_Task prompt_:
How do the lines read from the one holding "Cămașă cu m&acirc;necă scurtă Shein, roz" through the last line of the listing? Set them down exactly, pictures omitted.

_Information supplied_:

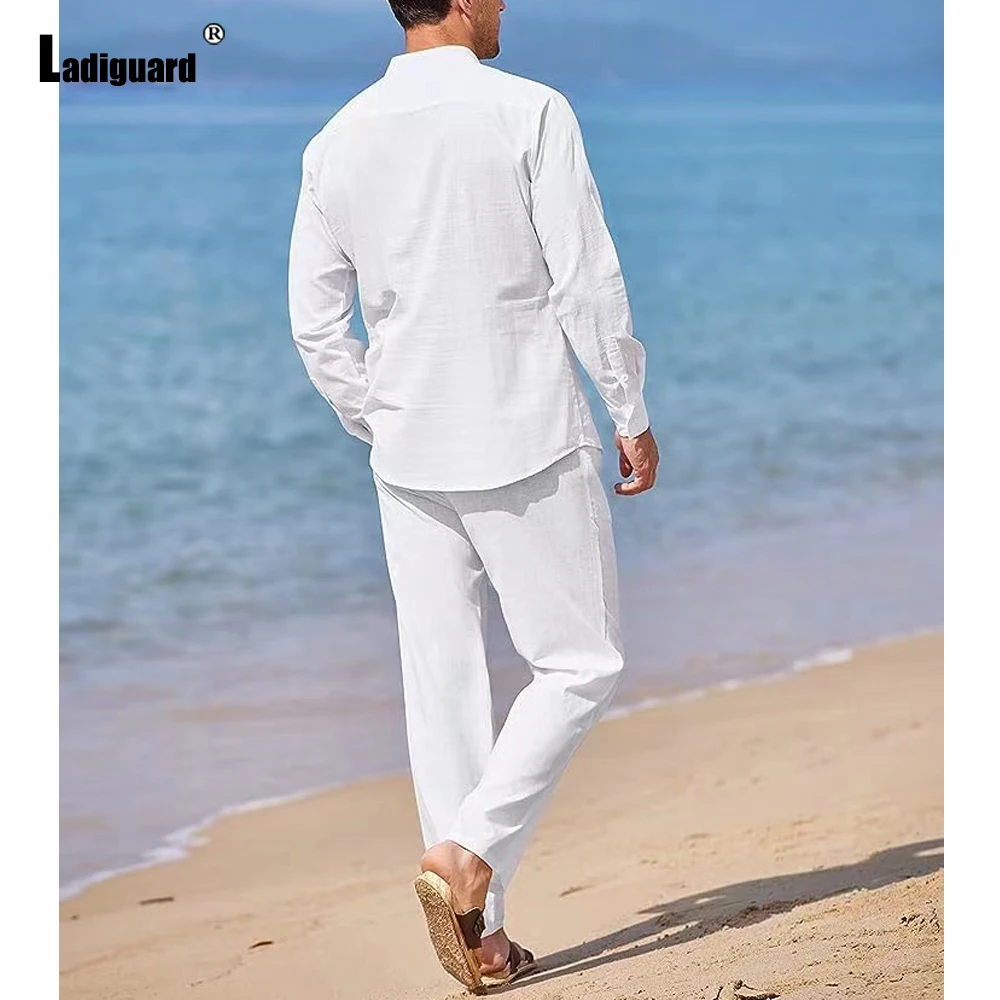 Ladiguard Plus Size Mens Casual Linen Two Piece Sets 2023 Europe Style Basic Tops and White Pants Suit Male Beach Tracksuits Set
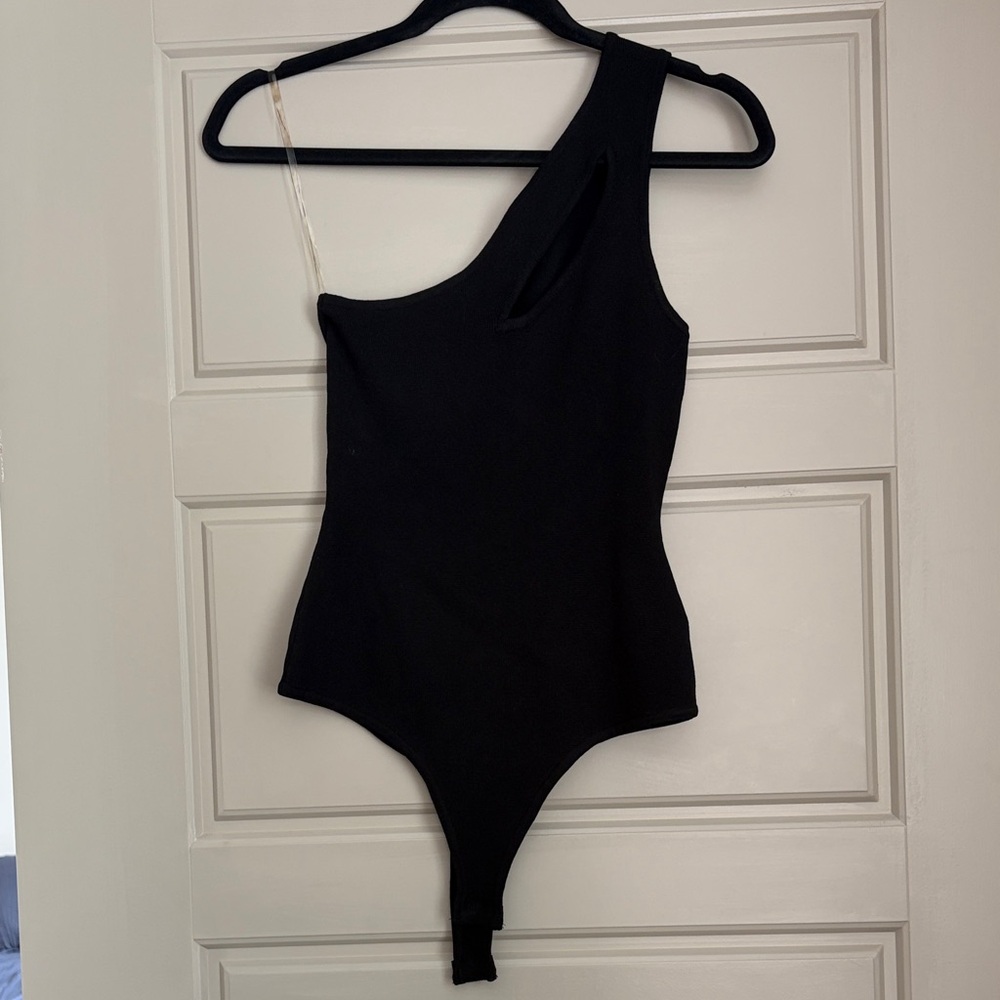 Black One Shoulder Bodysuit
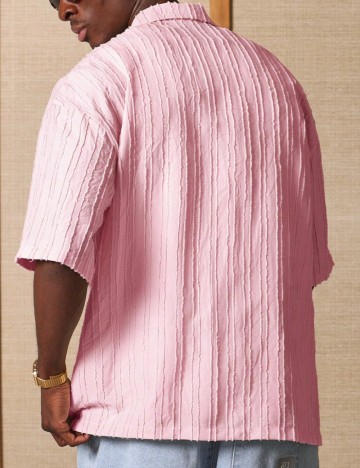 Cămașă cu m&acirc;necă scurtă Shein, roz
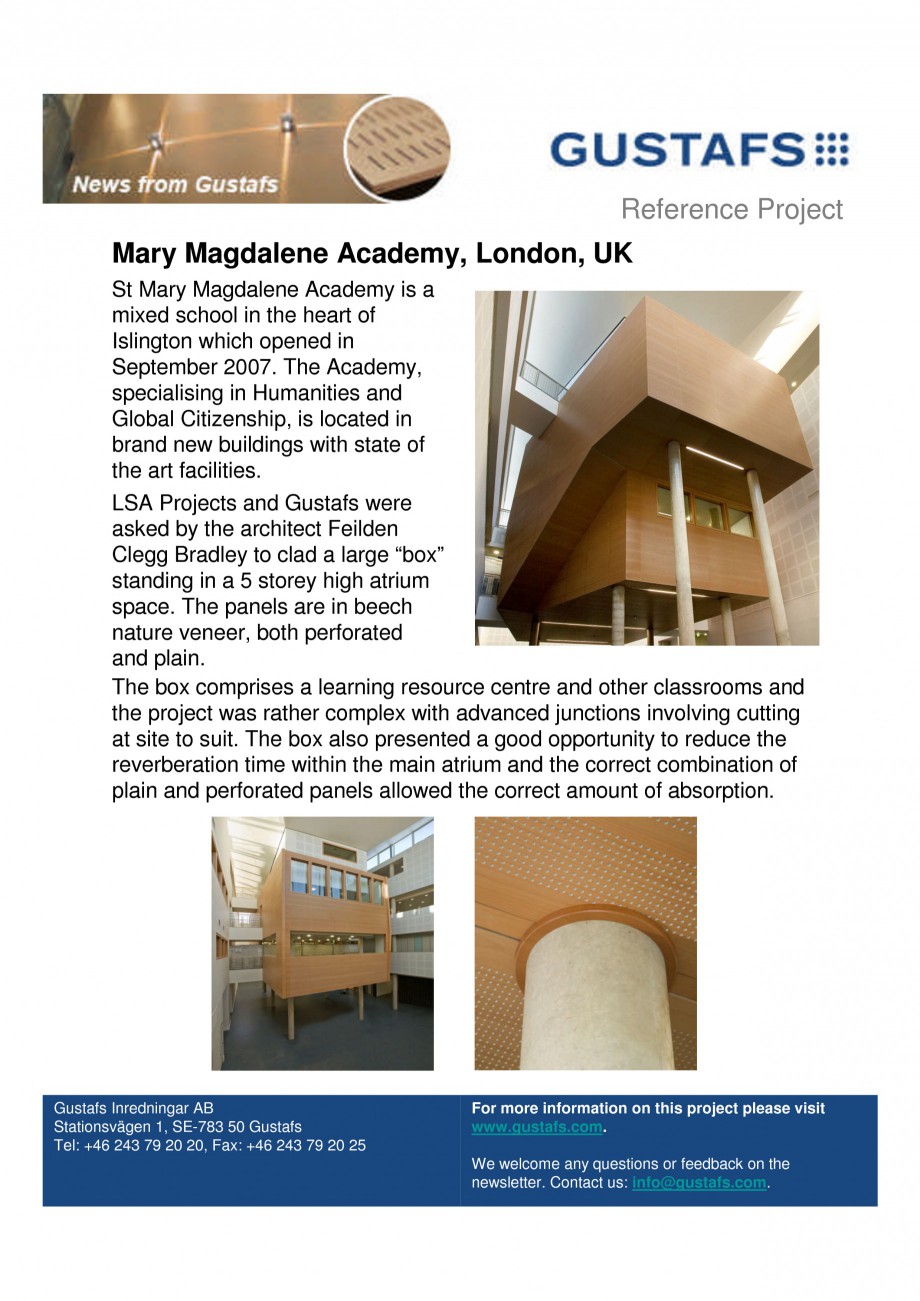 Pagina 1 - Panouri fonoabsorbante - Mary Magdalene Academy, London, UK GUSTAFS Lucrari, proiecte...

_Solution to this task_:
 Cămașă cu m&acirc;necă scurtă Shein, roz
 Pagina 1 - Panouri fonoabsorbante - Mary Magdalene Academy, London, UK GUSTAFS Lucrari, proiecte...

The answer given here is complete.